Meal prepping and cooking is fundamental to the process. While it’s ok to eat out some of your meals, this is all about your meal prep game. But If you do cook, there are a ton of resources available! Recipes, tips, and online groups can be super helpful. I definitely upped my meal prep skills and surprised myself by coming up with creative but satisfying ways to have a treat (almond milk and date milkshake..delicious!)
Depending on where you’re starting from, your body will respond different. Most people experience some kind of symptoms in the beginning (tired or grouchy) until they figure out the proper macronutrient levels to feel satiated. For me, it was about the start of week 3 that I began to feel the benefits. I noticed I wasn’t having big dips in my blood sugar (ie: I wasn’t getting hangry). My mood felt stable and my digestive system was on point (no bloating!) I have heard that your complexion improves and people notice they have a glow. I’m not sure if I glowed but my daughter did notice my skin looked good. Another benefit is how things taste. When you eliminate processed foods or foods with added sugar, you will start to taste the natural sugars in foods. Fruits and vegetables will taste extra good!
I eat pretty clean most of the time and I still found this challenging. It’s easy to be tempted to ‘cheat’ and take a bite here and there. Scrutinizing everything you eat and playing the ‘should I or shouldn’t I’ game can become exhausting...and annoying to the people you eat with!
By far, the toughest part was socializing around food and eating out. I did the best I could by sticking with protein and vegetables, but I did not ask what they were cooked in and did not make any special requests. Alcohol was another challenge. I don't drink that much but I found it difficult to say no to a glass of wine the couple of times we went out.

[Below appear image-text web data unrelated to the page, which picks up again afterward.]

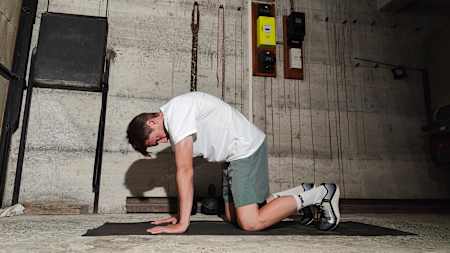 Cat camel builds a good range of motion through the upper back and the shoulders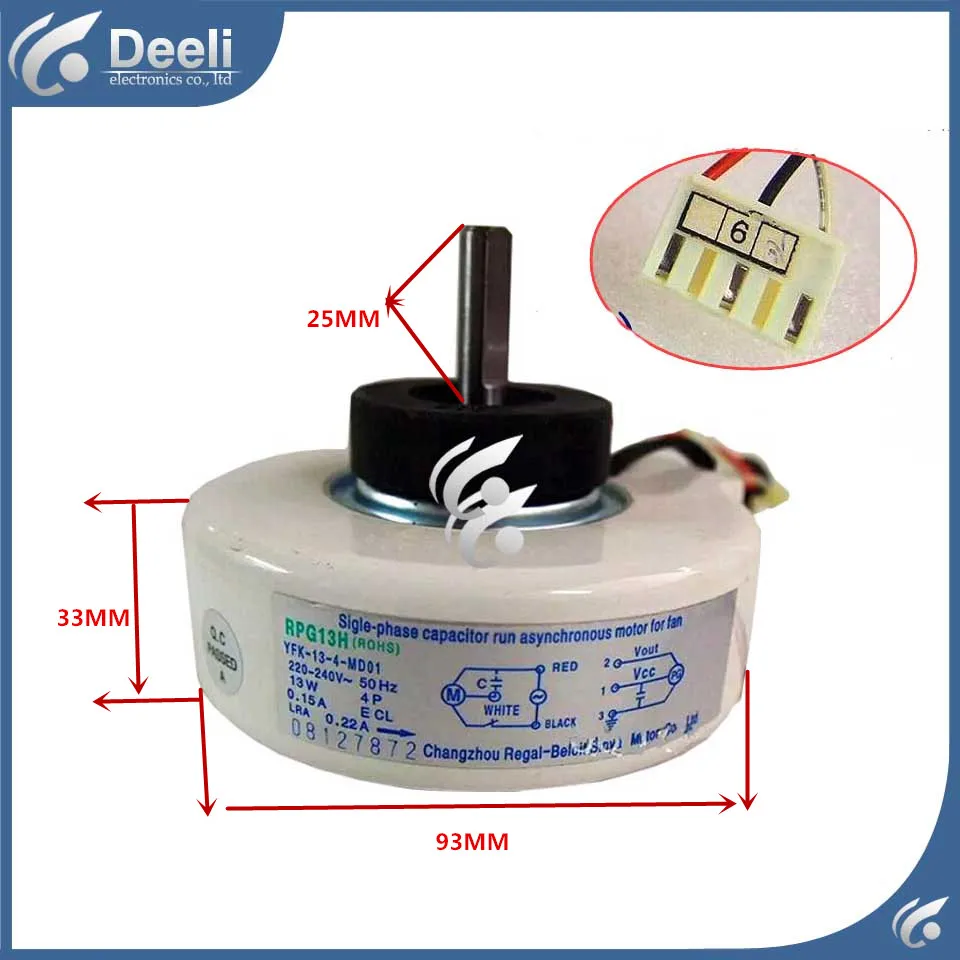 new good working for Air conditioner Fan motor machine motor RPG13F RPG13C RPG13H (ROHS) YFK-13-4-MD01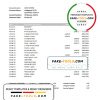 Austria Bank Austria bank statement easy to fill template in Excel and PDF format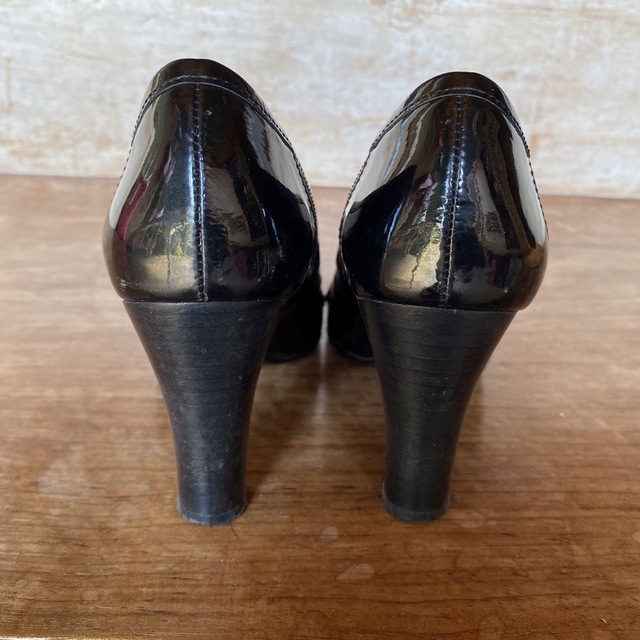 DIANA(ダイアナ)の【DIANA】黒 パンプス （22cm） ヒール7cm レディースの靴/シューズ(ハイヒール/パンプス)の商品写真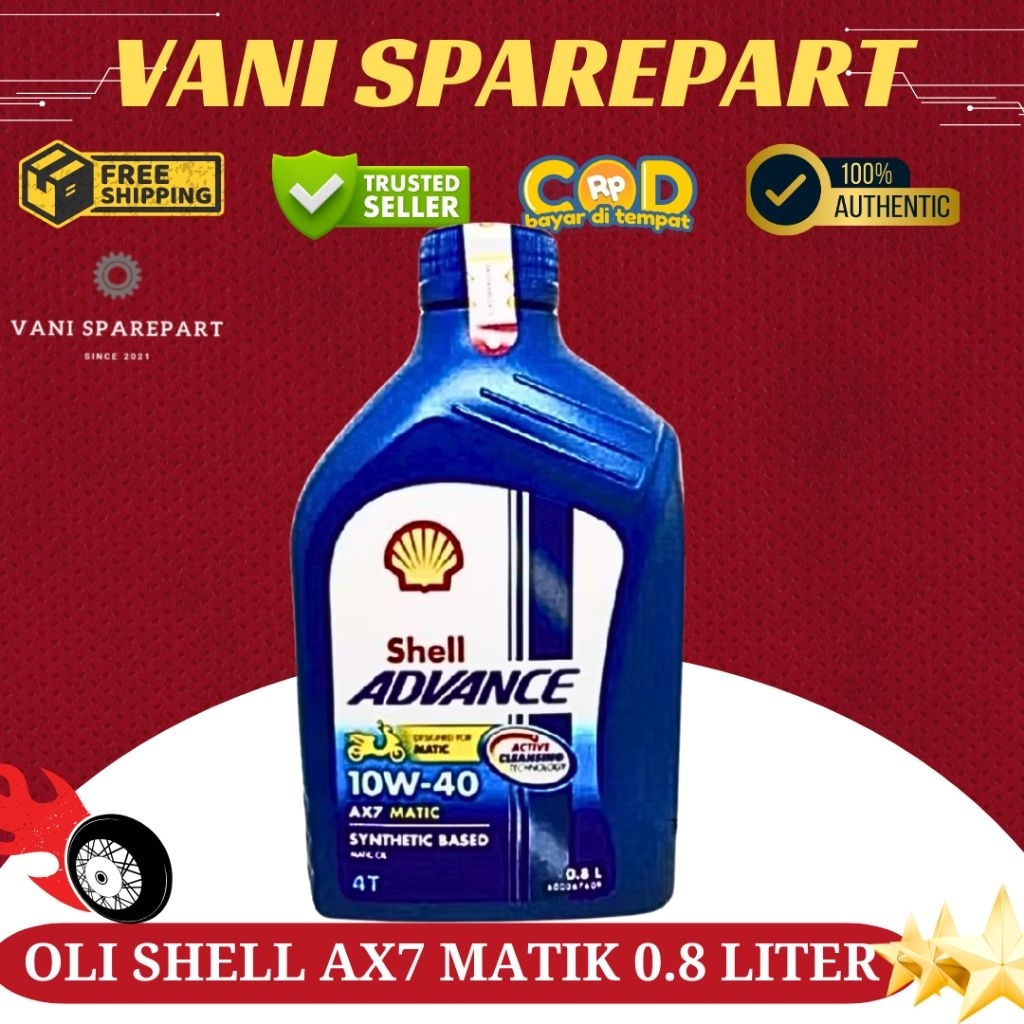 OLI SHELL ADVANCE AX7 MATIC SCOOTER 0,8 LITER 1 LITER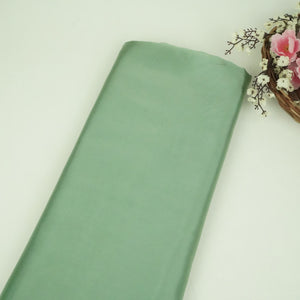 Sage Green Solid Roman Silk Fabric PFM-15 - TradeUNO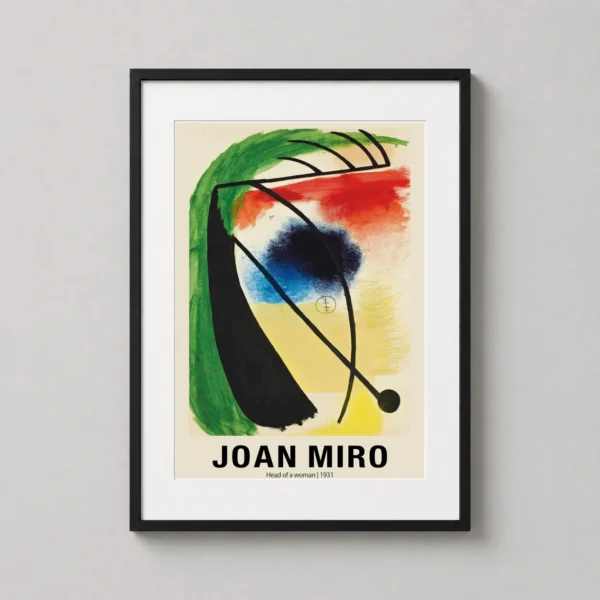 Joan Miro Head of a Woman 1931 Abstract Surrealist Art Print
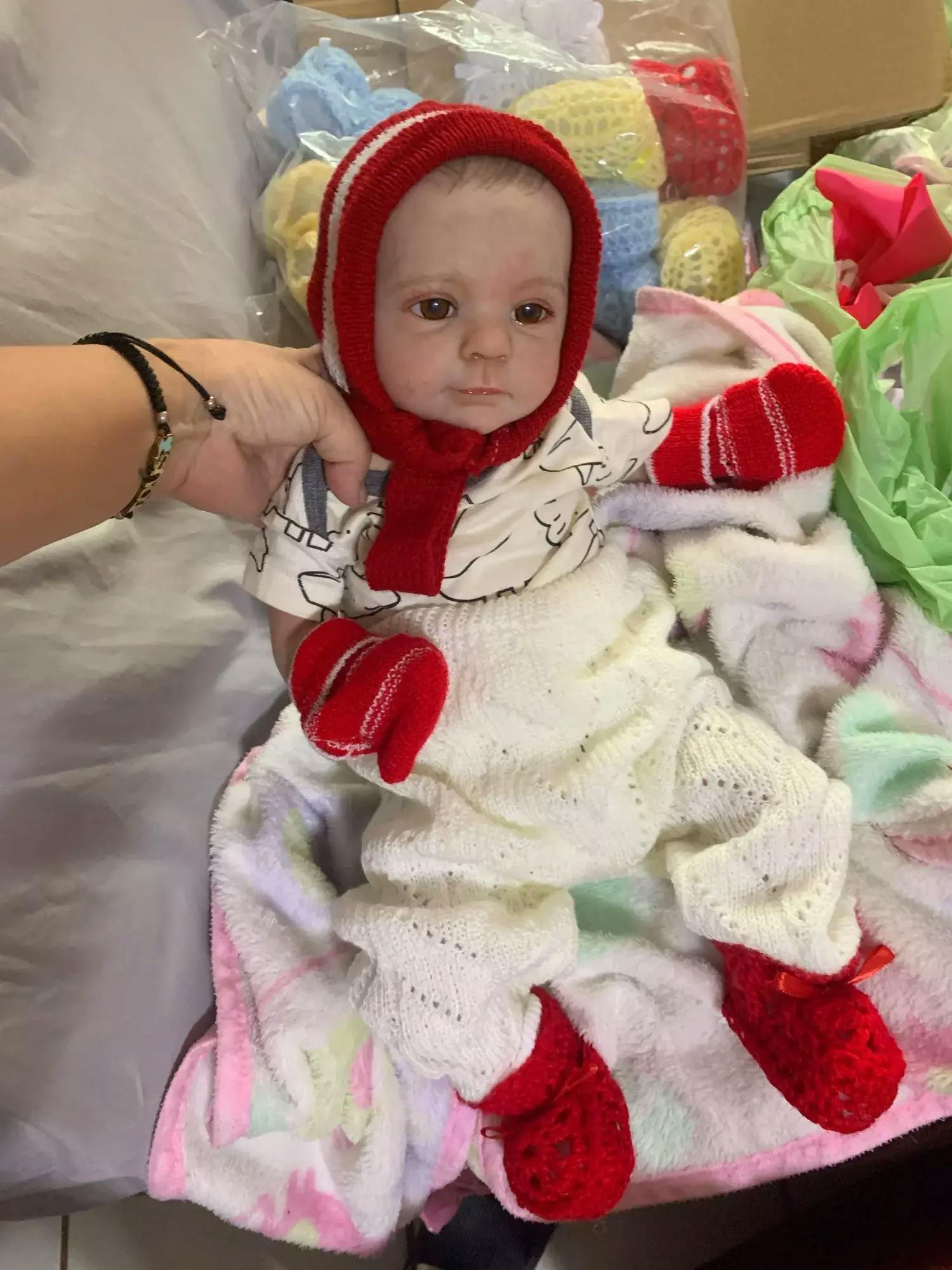 19 Inch Unpainted Felicia Reborn Doll Kit: Rosydolls.com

While I knew this was temporary, I did not like the stress of having to
constantly deny myself. This can definitely have a ricochet effect and cause you to go hard in the other direction if you’re feeling too deprived. Know yourself and how you think this might create negative food habits!
The purpose for doing this is to see how your body will react to certain high inflammatory foods. If you add all the foods you haven't been eating back all at once, you won’t be able to identify what you're sensitive to!
I learned this the hard way. I was so excited to eat the foods I had been missing, I didn’t take this step seriously enough and paid the price. I had major digestive issues and had to go back and figure out what it was. It’s taken a little time to figure it out, but I have since added a few things back in (some dairy) and eliminated some other foods (mainly wheat) that are triggers.